■ WORK TO COMPLETE
Below are lines of data, and only some are wanted. Please repeat exactly those from the line that has "LED Ceiling light LED/20W/230V 3000K black" through the line that has "SKECHERS Sneaker bassa".

■ INFORMATION SUPPLIED
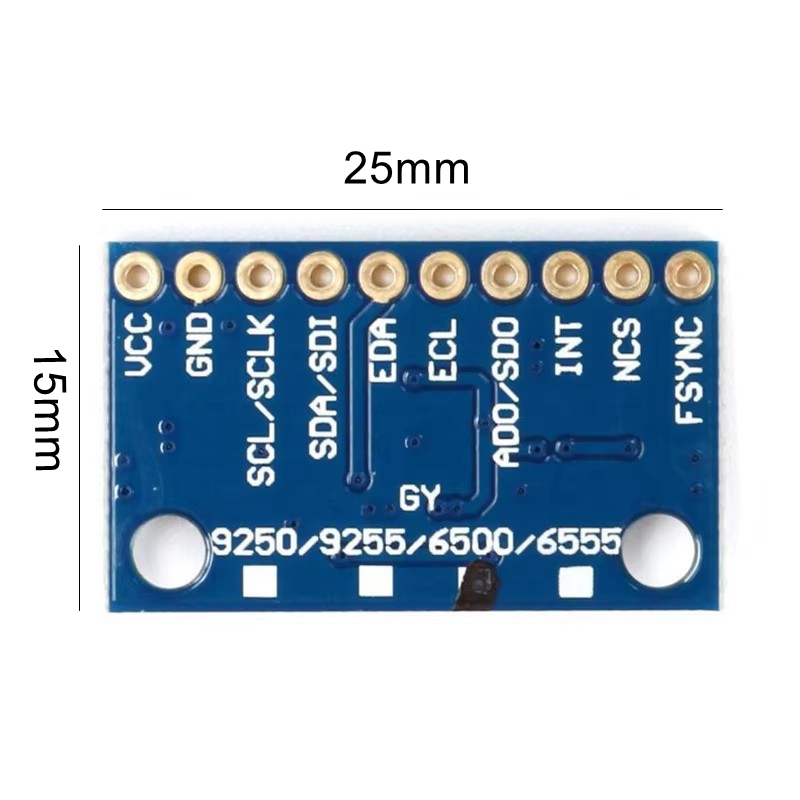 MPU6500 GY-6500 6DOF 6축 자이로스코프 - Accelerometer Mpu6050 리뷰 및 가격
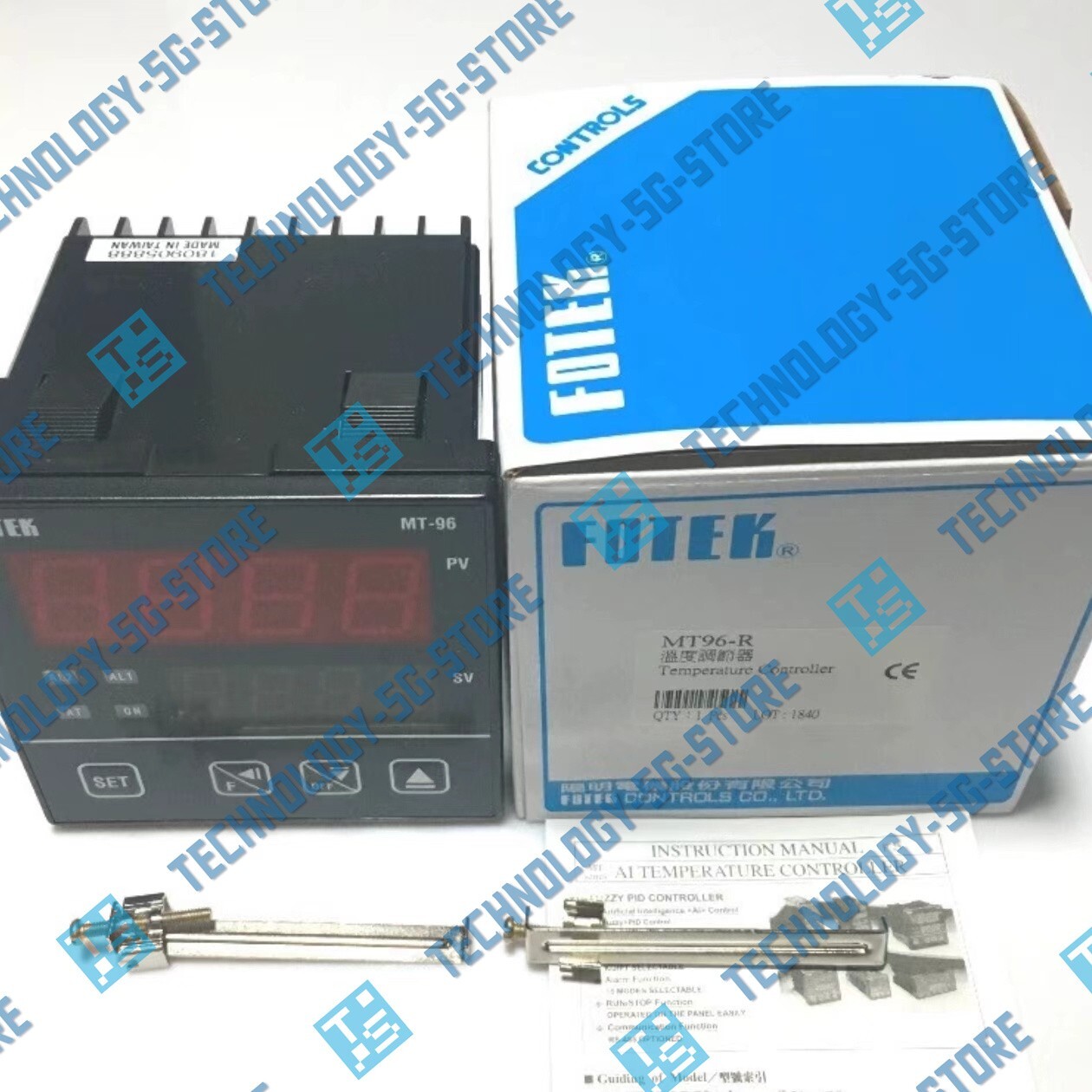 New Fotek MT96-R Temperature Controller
---
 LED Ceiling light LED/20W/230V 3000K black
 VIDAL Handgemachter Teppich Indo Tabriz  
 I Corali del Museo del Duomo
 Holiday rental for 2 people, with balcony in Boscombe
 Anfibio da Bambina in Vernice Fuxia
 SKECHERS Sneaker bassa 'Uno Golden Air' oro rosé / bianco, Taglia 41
--
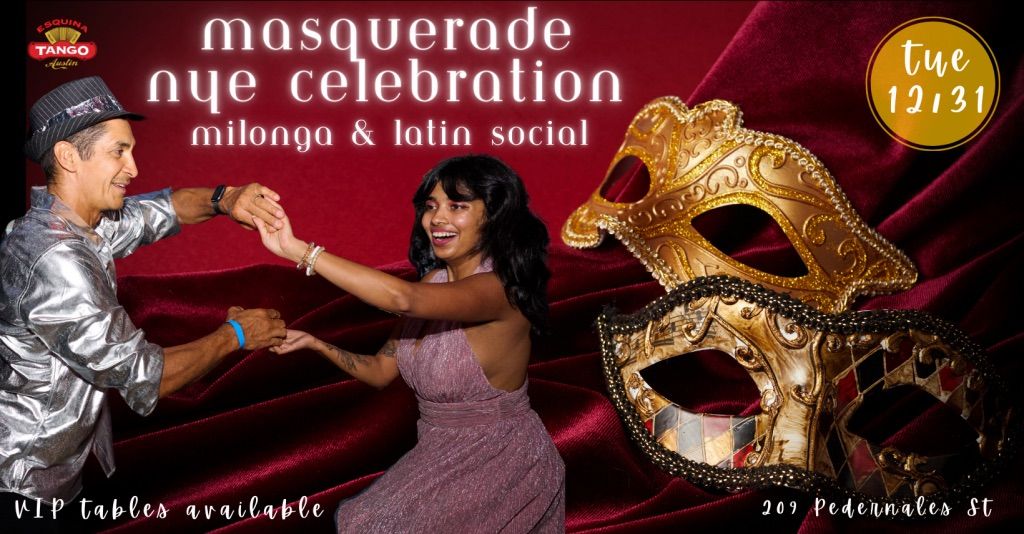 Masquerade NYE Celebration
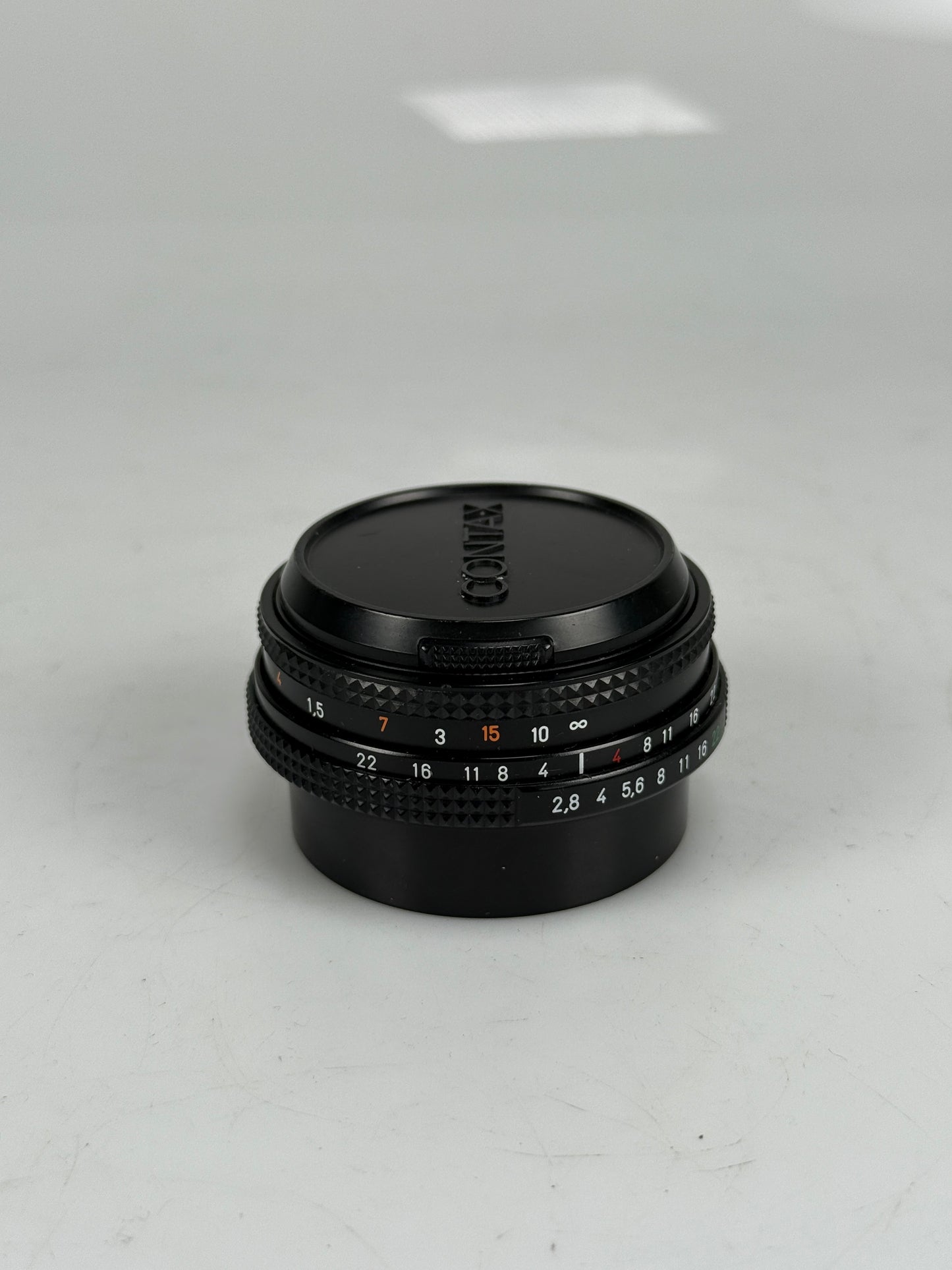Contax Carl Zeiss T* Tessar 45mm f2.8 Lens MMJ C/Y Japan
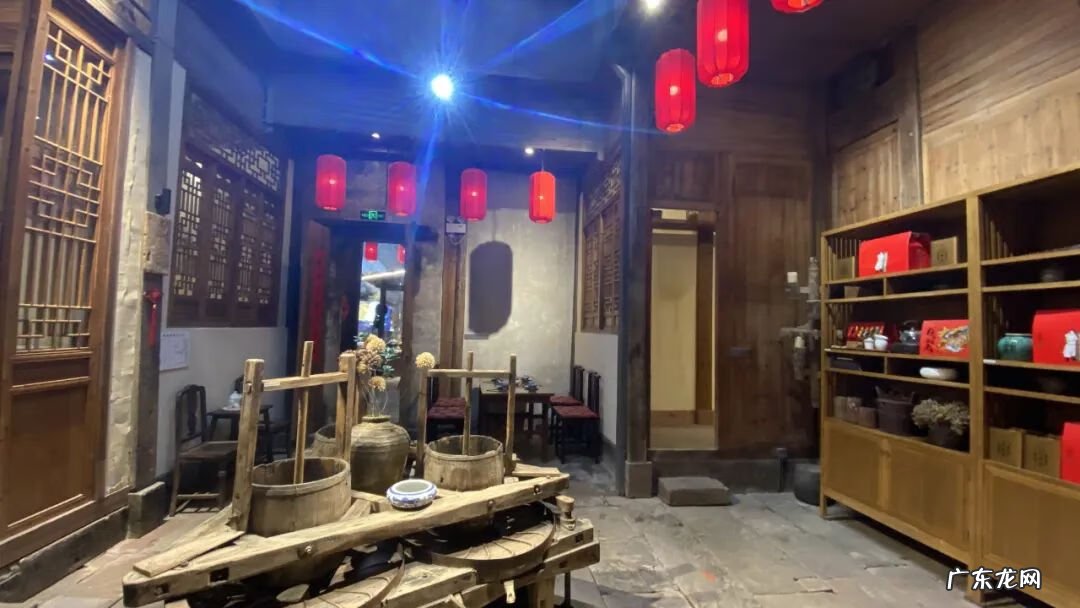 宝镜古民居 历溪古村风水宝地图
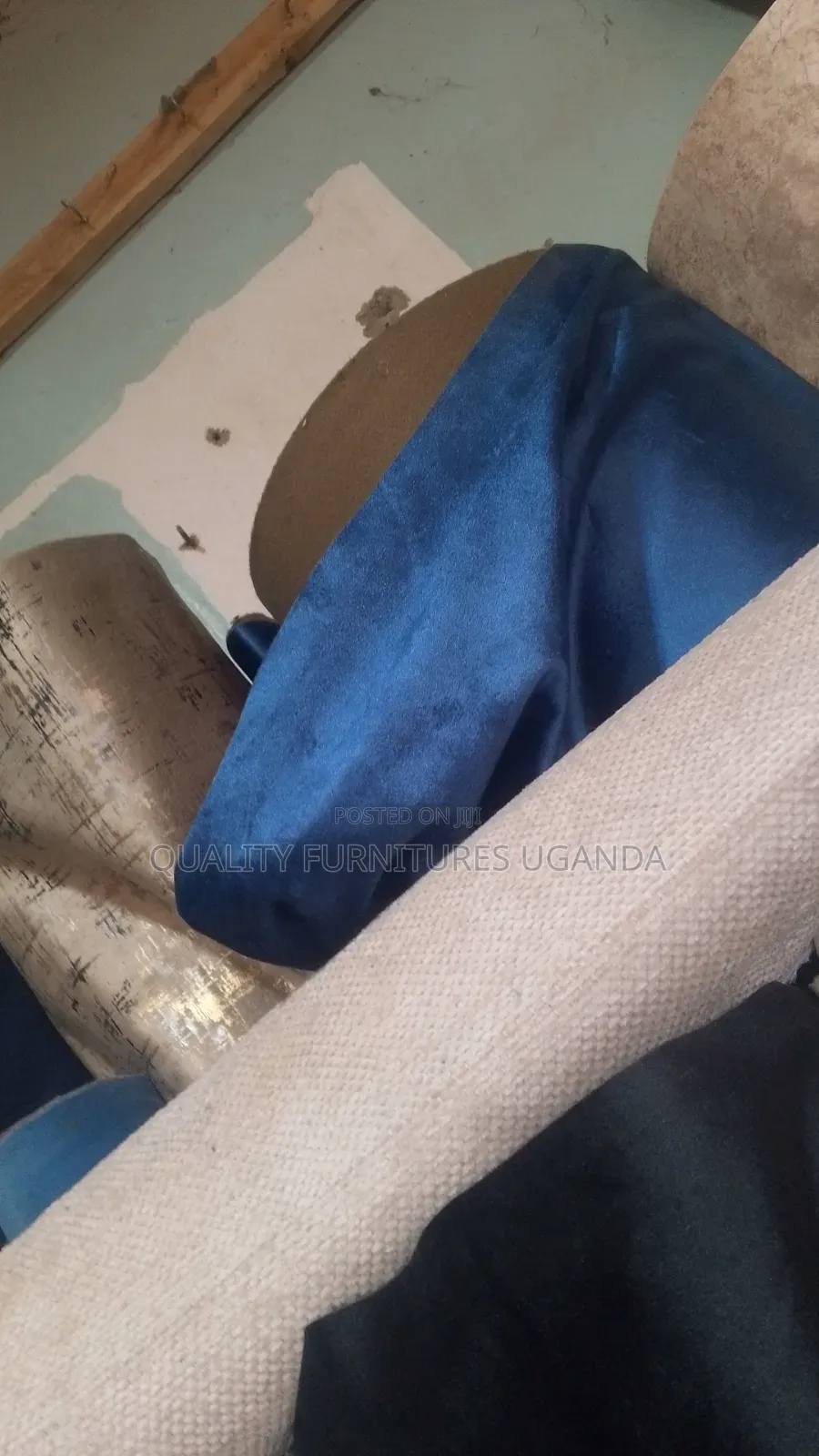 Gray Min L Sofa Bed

■ FINISHED TASK
 LED Ceiling light LED/20W/230V 3000K black
 VIDAL Handgemachter Teppich Indo Tabriz  
 I Corali del Museo del Duomo
 Holiday rental for 2 people, with balcony in Boscombe
 Anfibio da Bambina in Vernice Fuxia
 SKECHERS Sneaker bassa 'Uno Golden Air' oro rosé / bianco, Taglia 41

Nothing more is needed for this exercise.